絵描きが、一番好きで落ち着く場所は、なんといってもアトリエでしょう。ヤツガレも子供のころから自分のアトリエを持つことが夢でした。というわけでイラストで稼いだお金で、念願のアトリエを持てたのが26年前。アトリエといっても、ただの倉庫というか、でっかい箱みたいなもんなのですが。それでも嬉しかった。

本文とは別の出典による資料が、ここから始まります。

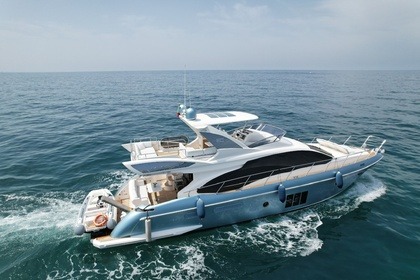 Charter Motor yacht Azimut 60 Vilamoura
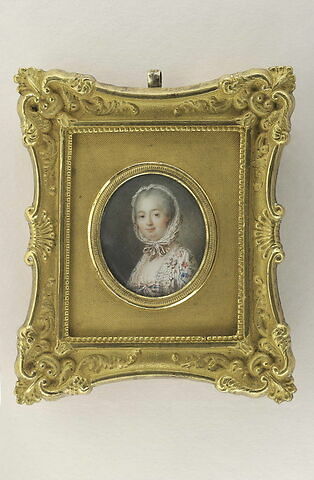 Portrait de Mme de Pompadour, en buste, en robe blanche semée de fleurs, image 1/1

最初はアトリエの床を板張りにしていたのが、そこだけが木製だったので、20年もたった頃に、とうとう白アリ軍団に床下の根太をボコボコにやられてしまいました。アトリエでは大きめのキャンバスに、アクションペインティングの抽象画を描いていたのですが、床に置いて立てかけてあった作品も、キャンバスの木枠を喰われてしまって全滅、ほんとにガックリよ。画材を置く木製の棚までやられちゃったんだから。それでもう板張りの床にはつくづく懲りたので、すべてとっぱらって、今度は全面コンクリートを流し込んだ床に替えた。これなら白アリには喰えないだろザマミロなのでした。 
コンクリ打ちっぱなしの、グレーの色は好きじゃないから、床は真っ白にペイントした。壁や天井は、最初っから白。これで全部が白い箱になった。 板張りのときには、落ちた絵具をたまに拭き取ったりしていたのが、純白の床になってみると、落ちこぼれた絵具の色もまた美しいもんだなァ、と思うようになり、それからは拭かずに放置したままです。年に一回、軽く箒で掃くだけ。 絵を描くたびに、少しずつ飛び散った色が床に増えていくと、それだけでもアトリエが、ますます居心地のよい場所になってゆく。多分こういうのって、絵描きじゃないとわからない、バカバカしい話だろうな。